Mas Bojo : “Ternyata
si pemilik rumah minta tenggang waktu 6 bulan sebelum
keluar dari
rumahnya.”
Aku :
“Loh, kenapa minta waktu 6 bulan lagi?
Kan rumahnya sudah dibeli Pak A."
Harusnya ya ga lama-lama dong tenggang waktunya. Tapi
memang
sudah dibayar lunas kan rumahnya?”
Mas Bojo :
“Ya mana Abi tau. Kenapa Bunda kepo banget sih.”
(berkomentar dengan nada tidak enak)
Aku :
“Ya kan Bunda penasaran.”
Mas Bojo : “Lah kenapa penasaran, kan itu urusan
orang lai, ngapain kita ikut
mikirin!” (berkomentar
masih dengan nada tidak enak)
Aku :
“....”
(Diam, agak gondok, tapi sambil merenung, iya juga ya.

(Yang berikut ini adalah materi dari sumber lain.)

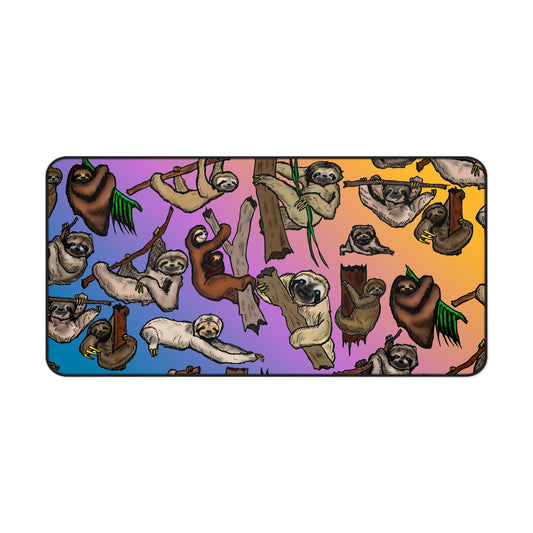 Colorful Sloth Pattern Desk Mat — Rainbow Gradient Mouse Pad for Cute Workspaces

Kenapa aku jadi ikut mengurusi urusan orang
lain)
Itulah percakapanku
bersama suami di suatu sore yang cerah, yang diakhiri menjadi pertengkaran
kecil dikarenakan aku kepo dengan urusan orang lain. Namun, dari percakapan
singkat ini membuatku merenung. Benar juga, mengapa aku harus kepo? Mengapa aku
harus ikut sibuk memikirkan urusan orang lain?
Kepo, bahasa
kekinian untuk menggambarkan rasa keingintahuan yang tinggi terhadap suatu hal.

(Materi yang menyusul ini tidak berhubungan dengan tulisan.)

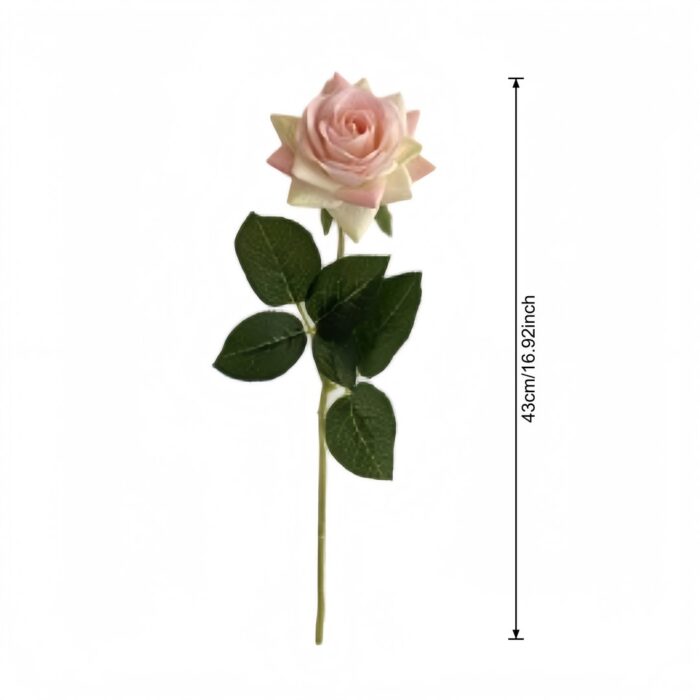 Realistic artificial flower single rose stem, perfect as faux wedding flowers.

Di era sosial media yang semakin cepat dalam
mengirim suatu berita, membuat orang juga cepat menerima suatu berita. Hal ini
pula yang memicu orang menjadi ingin tahu lebih jauh tentang berita yang
diterimanya. Kalau kepo dengan sesuatu yang dirasa wajar-wajar saja, saya rasa
masih lumrah. Namun lain halnya jika kekepoan kita sudah berlebihan,
sampai-sampai tugas dan kewajiban kita jadi terlupakan bahkan terbengkalai. Waktu
kita jadi mubadzir, betapa meruginya diri kita.
Mungkin kadangkala
kita tidak menyadari, karena keasyikan ingin mengetahui urusan privasi orang
lain waktu shalat jadi terlewat, teman atau saudara menjadi bahan gunjingan
(berghibah), hati yang dipenuhi rasa iri , atau bahkan terlontar komentar-komentar nyinyir. Astaghfirullahal’adzim, sungguh kita menjadi orang yang merugi. Seharusnya dari
sini kita mulai berkaca, apakah mau jikalau urusan kita dicampuri oleh orang
lain? Jawabnya tentu tidak, bukan.
Maka dari itu, marilah
kita kepo dengan hal-hal yang mengingatkan kita dengan urusan akhirat kelak. Yaitu
dengan memperbanyak Istighfar, memperbanyak belajar melalui kajian-kajian sunnah,
memperbanyak mendengarkan dan membaca Al-Quran, memperbanyak dzikir kepada
Allah Azza wa Jalla, dan kegiatan lain yang mendatangkan manfaat serta
kebahagiaan bagi diri kita sendiri. Mari kita tinggalkan rasa kepo terhadap urusan
privasi orang lain mulai dari sekarang. So, mind your own business alias "Urusilah urusanmu sendiri!".
“Berhati-hatilah kalian dari tindakan
berprasangka buruk, karena prasangka buruk adalah sedusta-dusta ucapan.
Janganlah kalian saling mencari berita kejelekan orang lain, saling
memata-matai, saling mendengki, saling membelakangi, dan saling membenci. Jadilah
kalian hamba-hamba Allah yang bersaudara” (HR.